年内のNISA駆け込み需要に期待 非課税枠での取引期限に気をつけて 国内株式は26日まで、投信はそれぞれ受渡日が異なる
【兜町地獄耳】 証券ライター 先週前半の日経平均株価は久々に迫力のある動きだった。9月以降、幾度となく弾き返されていた4万円の壁を今度こそ突破してもらいたいものだ。 外資系ファンド幹部 先週は、NYダウ、ナスダック、S&P500といった米国の主要株価指数がそろって史上最高値を更新した。トランプ次期大統領の政策を期待して、ビットコインも初の10万ドル台を突破した。ちょっと早い米国からのクリスマスプレゼントだ。 ライター おいおい、外部要因だけじゃないだろ。
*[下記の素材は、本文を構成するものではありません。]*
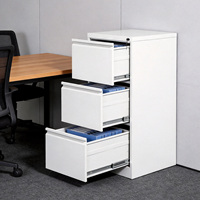 Armoire de rangement métallique verrouillable personnalisée pour bureau, meuble de rangement pour dossiers A4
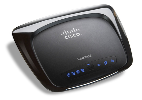 Brezžični router Linksys 4 port MIMO,WRT120N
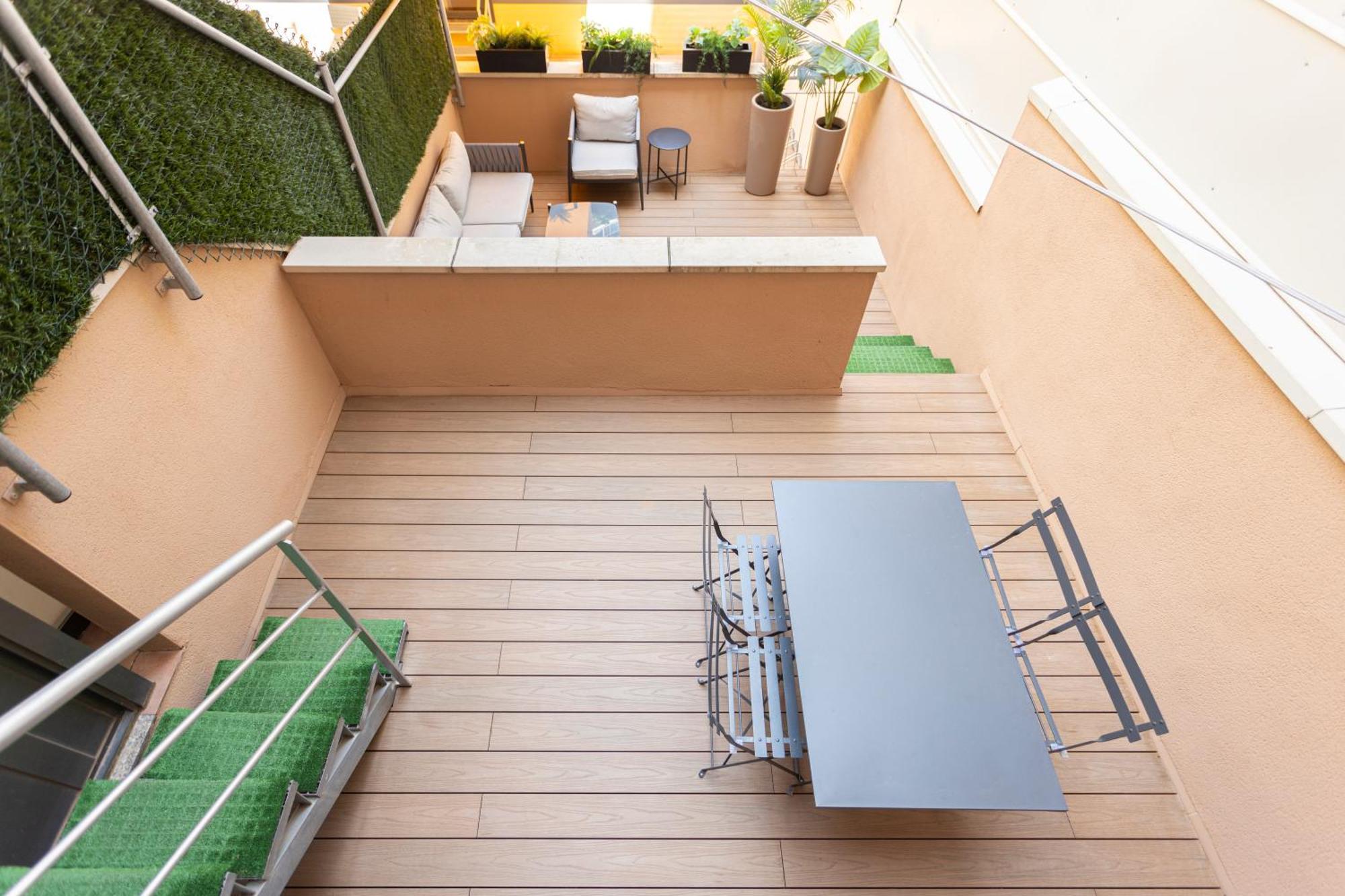 Apartments Sata Olimpic Village Area Barcelona Exterior foto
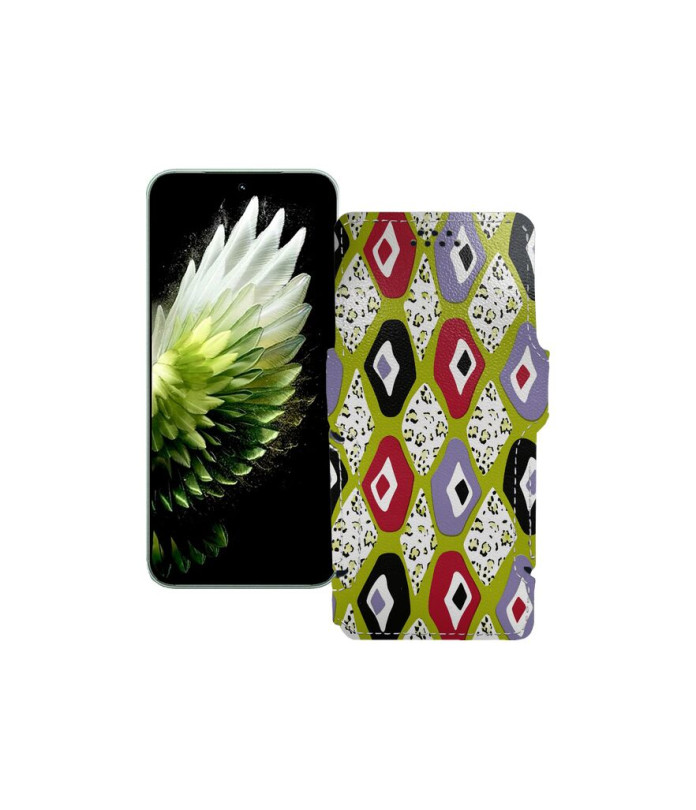 Чохол-книжка з екошкіри для телефону Tecno Spark 40 Pro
日経平均が大幅に上昇したのは、GPIF(年金積立金管理運用独立行政法人)による日本株買い増しの期待もあったからだ。 幹部 確かにそうだな。ただ、日本特有の懸念もある。日銀によるETF(上場投資信託)の売却だ。日銀のETFの保有額は時価で70兆円にも達する。これが市場で売却されれば、株式市場にとっては巨大な売り圧力となるはずだ。 ライター 今年前半までは、日経平均が急落すると日銀がETFを買い入れて相場を下支えしてきた。今後、たまりにたまったETFをどう処分するのか、日銀にとっては大きな課題だ。少しずつ売却しても200年超の期間が必要だといわれている。もっとも、実際の売却は2026年以降とも言われているから、しばらくは大丈夫じゃないか? 幹部 ただ、株式市場はそれを織り込んで動くから、来年以降は「日銀ショック」が度々あるかもしれないな。 ライター 年内の相場はどうだ? 例年通り、節税対策の株売りの動きはあるものの、今年はNISA(少額投資非課税制度)の駆け込み需要も期待されている。まだ、NISAの今年の投資枠を使い切っていない個人投資家が買ってくるんじゃないか? 幹部 株式市場も好調だし、慌てて買ってくる投資家は多いと思う。本来なら、下げている場面でこそ、買い増したいところだけど(笑)。ところで、NISAの今年の非課税枠での取引期限はいつまでだっけ? ライター 国内株式は26日までだ。投信はそれぞれ受渡日が異なるから、証券会社のホームページなどで確認したほうがいい。中には、申込受付日から起算して9営業日目に受け渡しというファンドもあるから気をつけないと。ちなみに、株の節税対策売りも26日までが期限だ。翌日以降に売却しても、受け渡しは翌年になるから、今年の損益通算はできない。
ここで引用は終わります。